Centre of Excellence (CoE)
Application of Coir Exclusively or in Combination with other Natural Fibres


With the growing environmental concerns over the exorbitant use of non-biodegradable polymers, increasing attention has been paid towards their potential replacement with natural fibres. Natural plant fibres may be extracted from different parts of the plant such as stem (flax, kenaf), leaf (pineapple, sisal), seed (cotton, coir), etc. India has a rich heritage in textile and fibre industry and the country is a leading producer of cotton, jute and coir fibres. Also, we have significant production capacities of fibres such as sisal, kenaf, pineapple, roselle, banana, etc., which are having significant industrial applications apart from the textile field. The figure depicts the geographic location of plant cultivations in India, with commercial fibres as the primary or secondary product.

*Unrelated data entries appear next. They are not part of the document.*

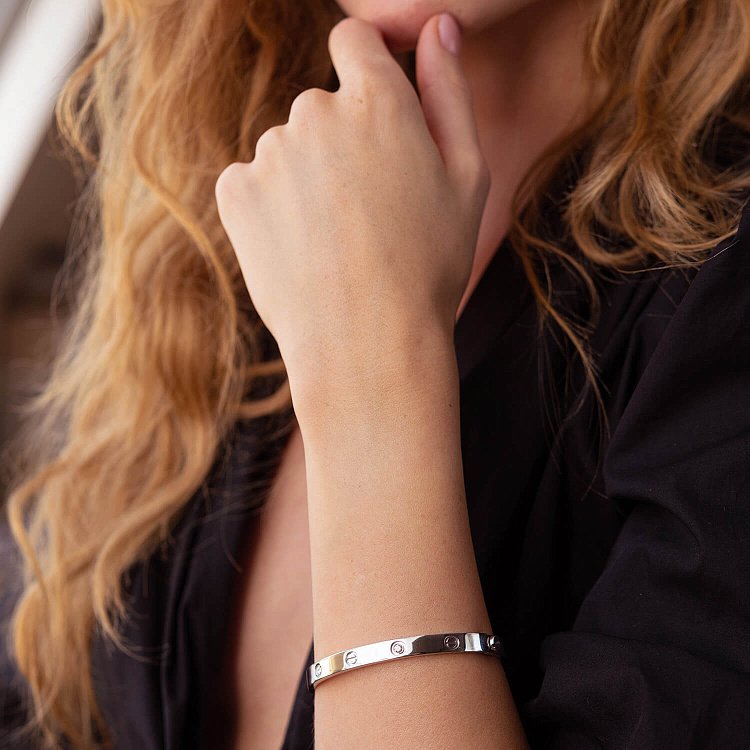 Жесткий золотой браслет "Love" (бриллианты) бб0031 - 5 Жесткий золотой браслет "Love" (бриллианты) бб0031 от ювелирного магазина Оникс - 5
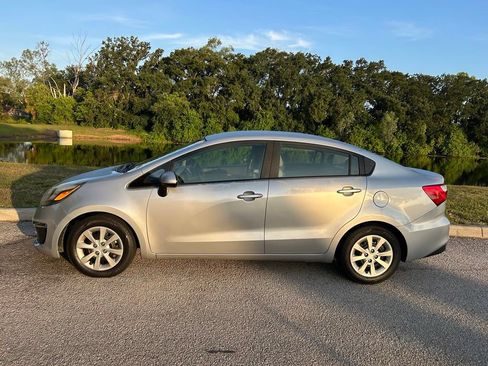 Used 2017 Kia Rio LX w/ Power Package FWD image 3
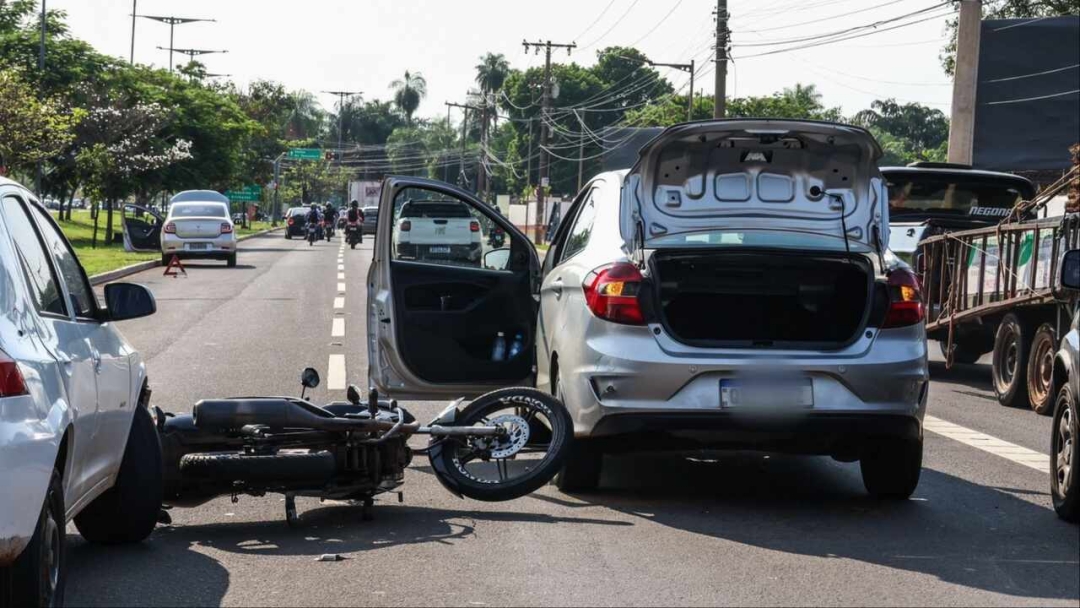 Colis&atilde;o entre duas motos e dois carros trava faixas da Duque de Caxias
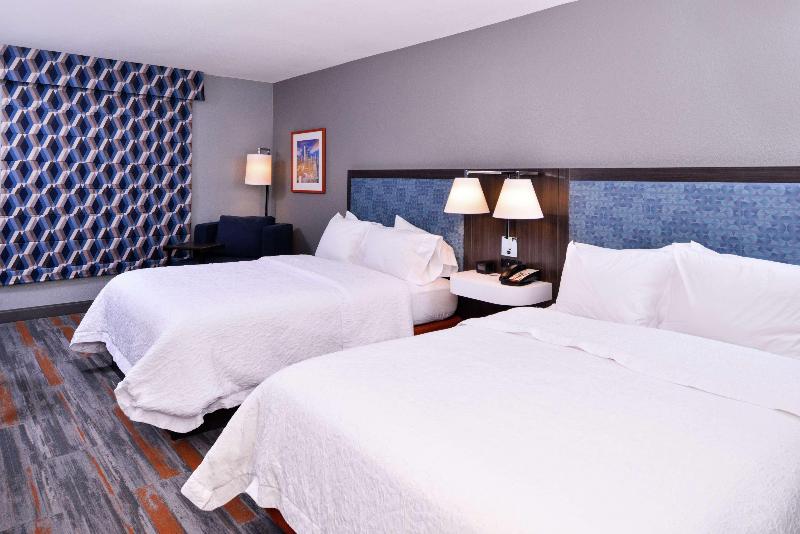 带大床的标准间, Hampton Inn & Suites Legacy Parkfrisco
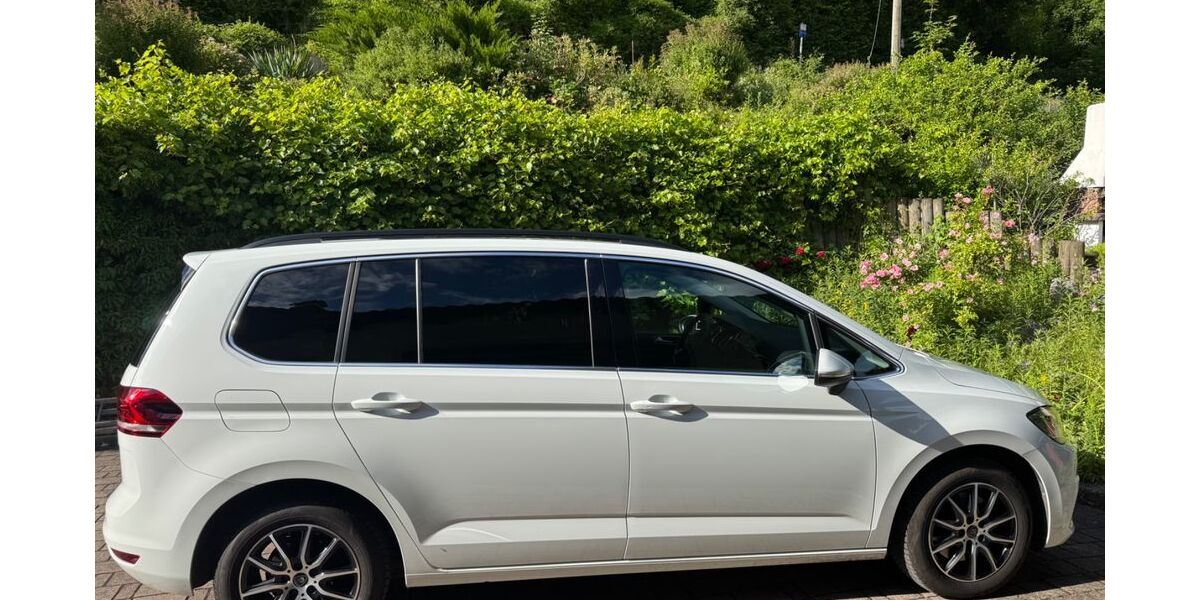 VW Touran 49.500 km 27.200 &euro; Rosenheim 83024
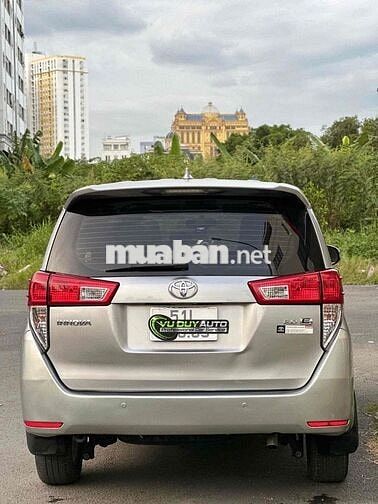 Toyota Innova 2019 2.0E - 140000 km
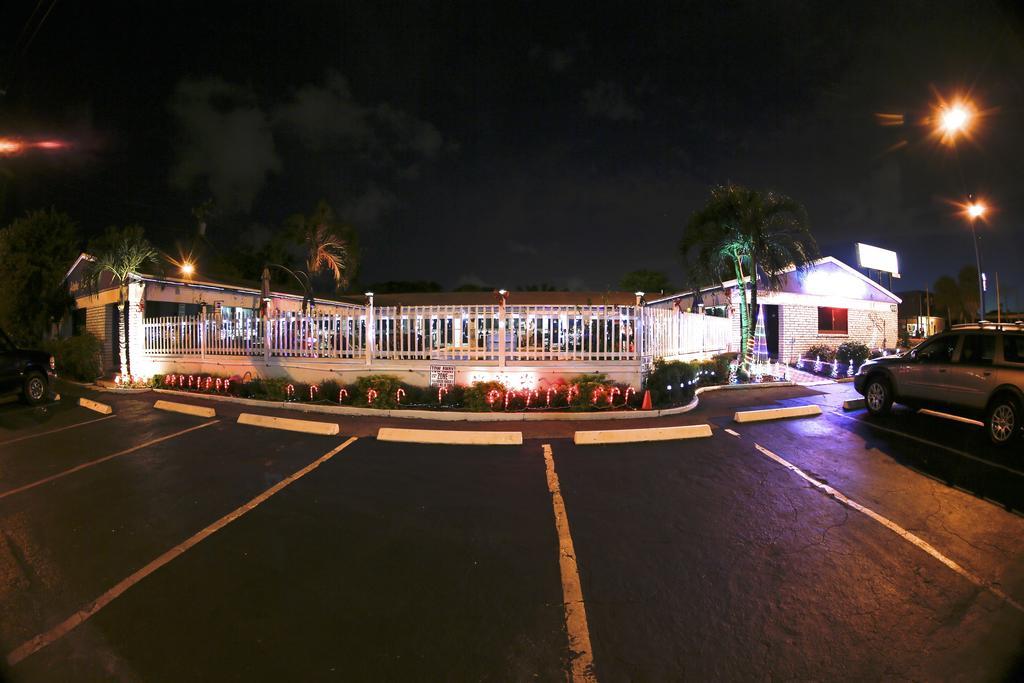 Adobe Hacienda Motel Холивуд Екстериор снимка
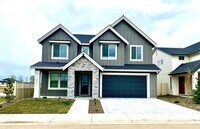 Building Photo - Beautiful Custom 6 Bedroom (2 Primary Bedr...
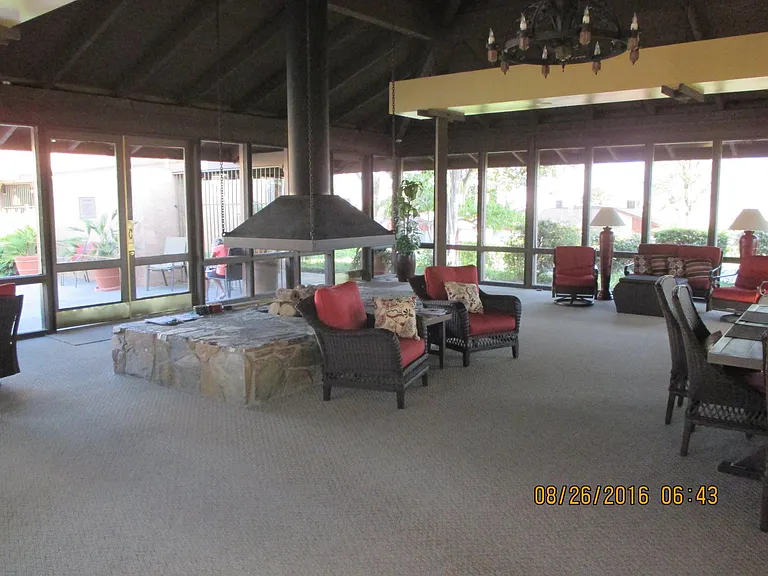 1329 Vista Serena Dr — Photo 9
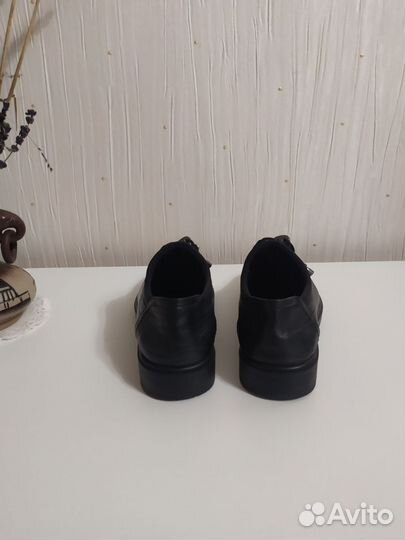 Полуботинки женские 37 размер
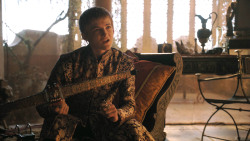 extant_GameOfThrones_3x02-DarkWingsDarkWords_4304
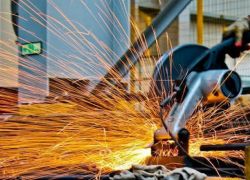 انخفاض الإنتاج الصناعي في فلسطين 1.1% خلال أيار الماضي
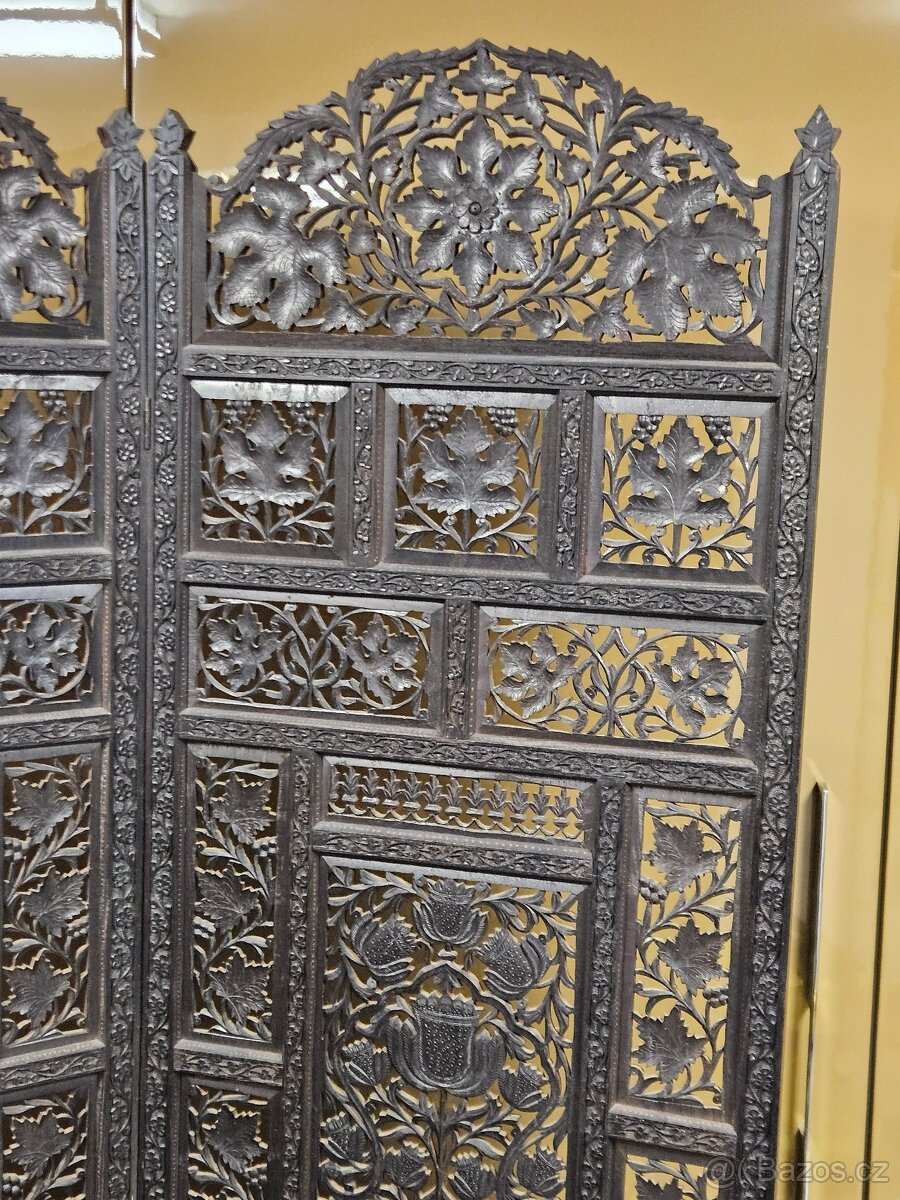 Starožitný vyřezávaný paraván se stolky - 2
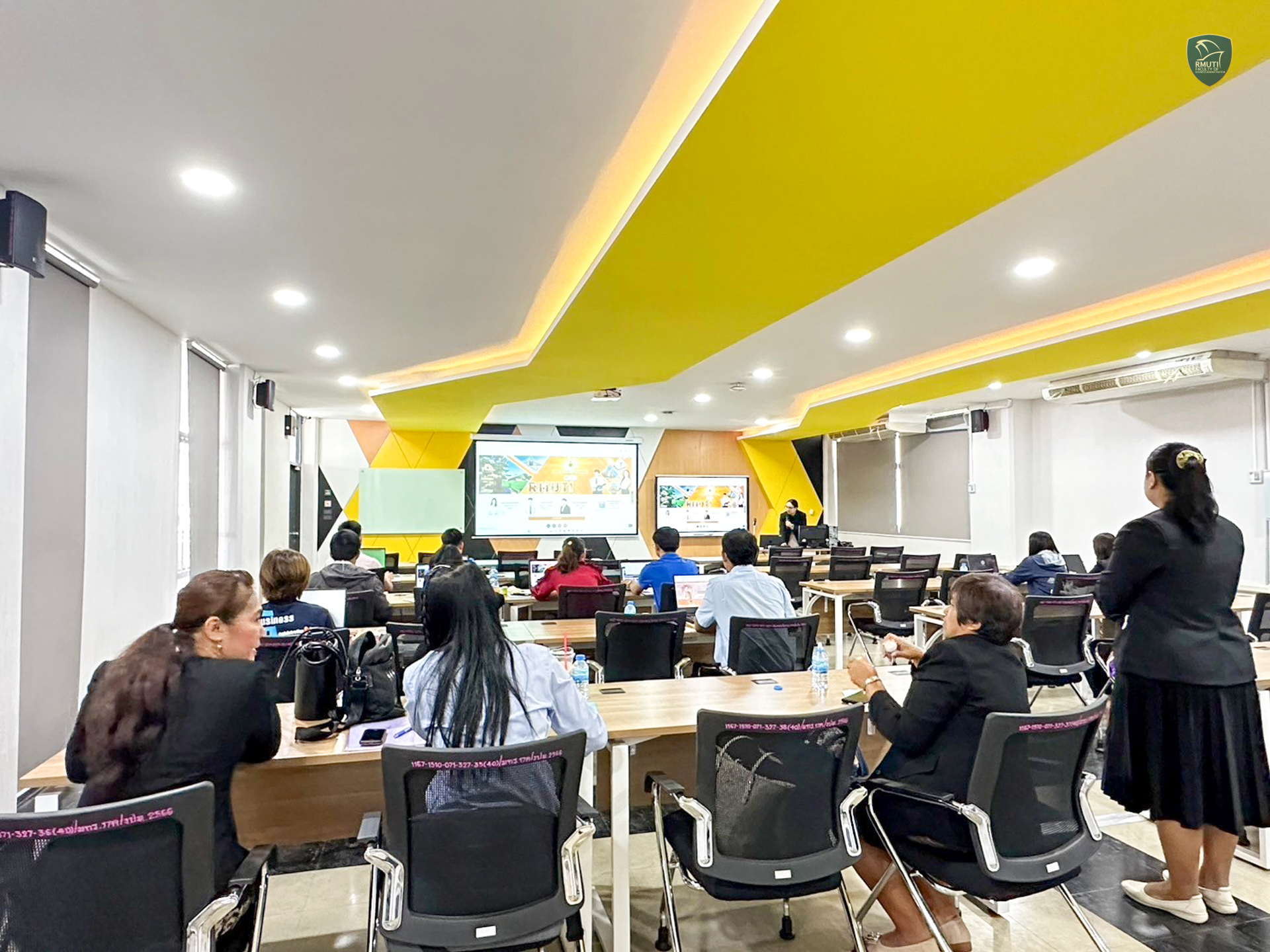 LINE_ALBUM_ปฐมนิเทศ ป.โท 9-6-24_240609_45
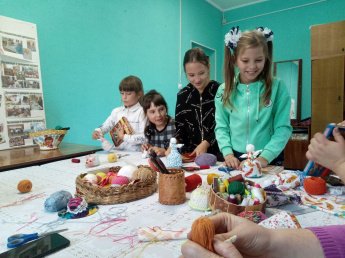 Занятия по изготовлению тряпичной куклы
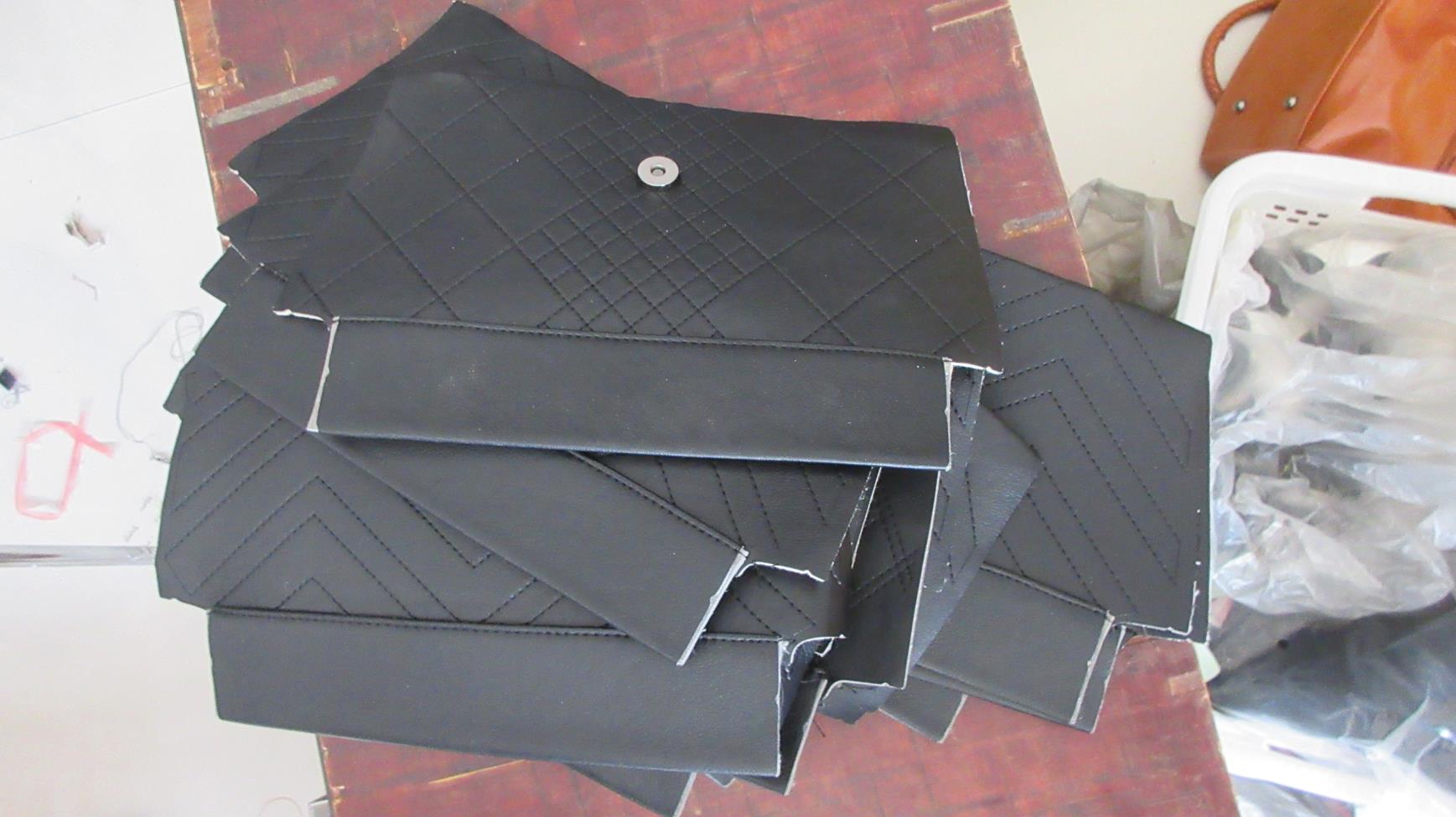 Baoding Bateli Luggage Manufacturing Co., Ltd. handbags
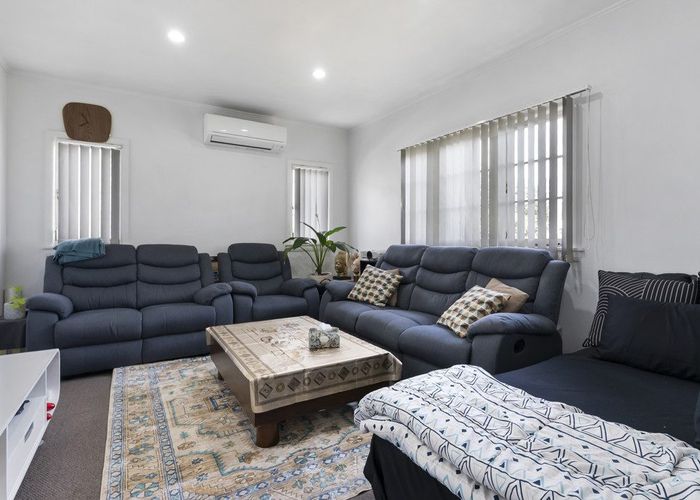  at 1/21 Cleek Road, Mangere East, Manukau City, Auckland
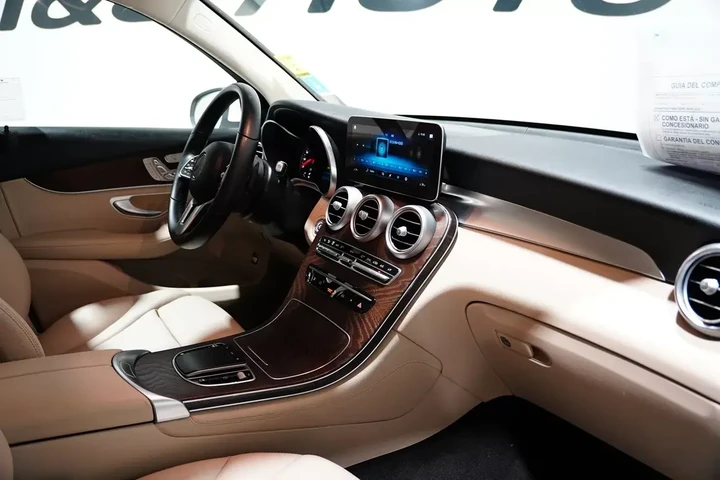 $22156 : 2020 GLC 300 image 9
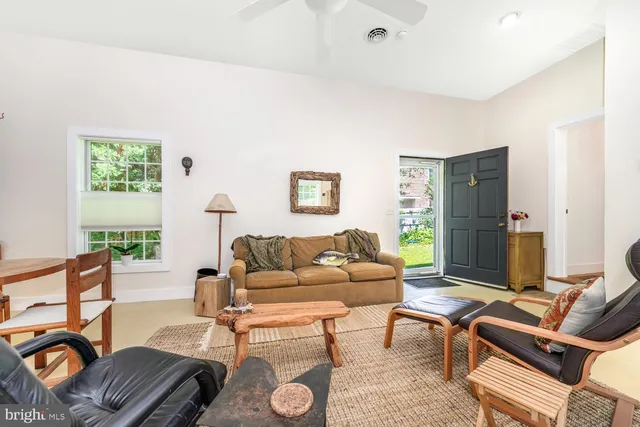 $549,999 | 506 Goldsborough Street, Easton, MD 21601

Among the broad spectrum of natural fibres, the coir fibre stands out with some peculiar character traits. The fibre is the toughest in its category. Also, coir fibre is having the highest lignin content, making it the most durable among the group. These properties are signified in an evolutionary standpoint due to multiple reasons. Since the coconut must endure high fall, fibrous husk has been naturally engineered to absorb the impact upon landing. Also, the heavy nuts that are largely being relocated floating in water bodies need sufficient durability to survive before landing on the shore and sprouting. However, the coir fibre strength is less when compared to bast fibres such as jute or sisal, as the later have higher percentage of crystalline cellulose to provide structural rigidity and strength to the plant body.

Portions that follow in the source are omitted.